The actual process of creating values, incidentally, has to be iterative. The
executive team may come up with a first version, but it should be just that, a
first version. Such a document should go out to be poked and probed by people
all over an organization, over and over again. And the executive team has to go
out of their way to be sure they’ve created an atmosphere where people feel it
is their obligation to contribute.
Now, if you’re in a company where speaking up gets you whacked, this method
of developing values just isn’t going
to work. I understand that, and as long as you stay, you’re going to have to
live with that generic plaque in the front hall.
But if you’re at a company that does welcome debate—and many do—shame on you
if you don’t contribute to the process. If you want values and behaviors that
you understand and can live with yourself, you have to make the case for them.
It’s in the Nitty-Gritty Details
When I first became CEO, I was certainly
guilty of endorsing vague, too cryptic values. For instance, in 1981, I wrote in
the annual report that GE leaders “face reality” and “live excellence” and “feel
ownership.” These platitudes sure sounded good, but they had a long way to go
toward describing real behaviors.
By 1991, we had made a lot of progress. Over the course of the previous three
years, more than five thousand employees spent some portion of their time
participating in the development of our values. The result was much more
concrete. We printed them on laminated wallet cards. The text included
imperatives such as “Act in a boundaryless fashion—always search for and apply
the best ideas regardless of their source” and “Be intolerant of bureaucracy”
and “See change for the growth opportunity it brings.”
Of course, some of these behaviors required further explanation and
interpretation. And we did that all the time, at meetings, during appraisals,
and at the watercooler.
Since leaving GE, I’ve realized how much further still we might have been
able to push the discussion about values and behaviors. In 2004, I watched Jamie
Dimon and Bill Harrison work together to develop values and behaviors for the
new company created by the merger of Bank One and JP Morgan Chase. The document
they used to open the dialogue came from Bank One, and it listed values and
their corresponding behaviors with a level of detail I had never seen before.
Take the value “We treat customers the way we would want to be treated.”

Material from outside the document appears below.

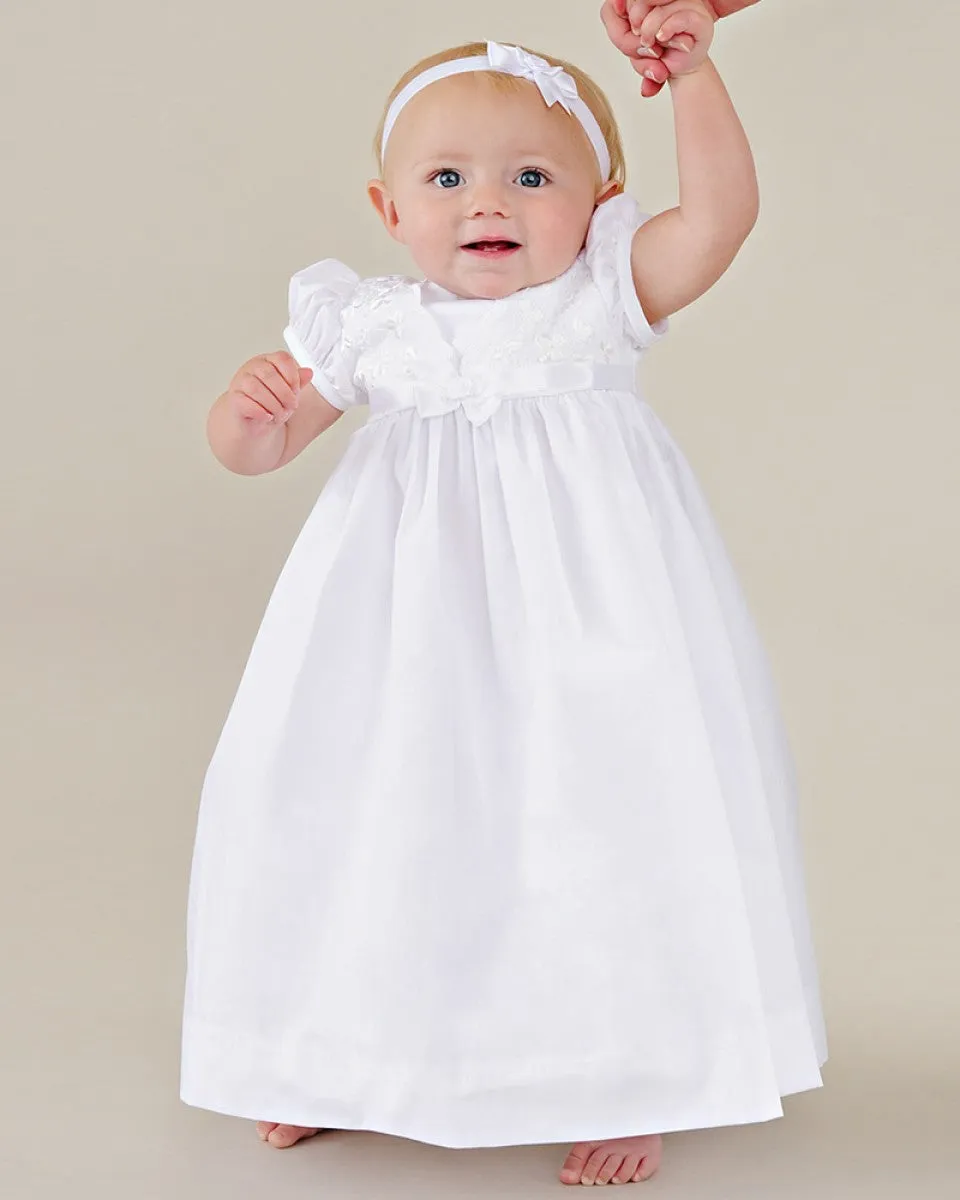 Faye Christening Dress and Headband - LTMAL-FAYE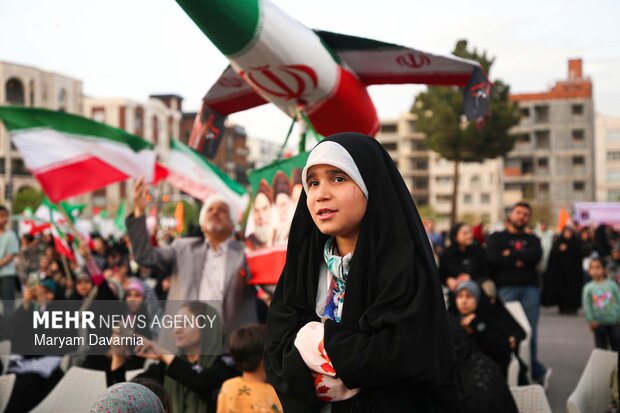 اجتماع بزرگ دختران ایران در بجنورد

That’s pretty tangible, but Bank One had literally identified the ten or twelve
behaviors that made that value come to life. Here are some of them:
Some of the prescribed behaviors included:
If this level of detail feels overwhelming and even doctrinaire to you, I can
sympathize. When I first saw Jamie’s single-spaced, five-page
values-and-behaviors document, I nearly fell over. But as I read it, I saw its
power.
The foregoing is excerpted from Winning by Jack Welch and Suzy Welch. All rights reserved. No part of this book may be used or reproduced without written permission from HarperCollins Publishers, 10 East 53rd Street, New York, NY.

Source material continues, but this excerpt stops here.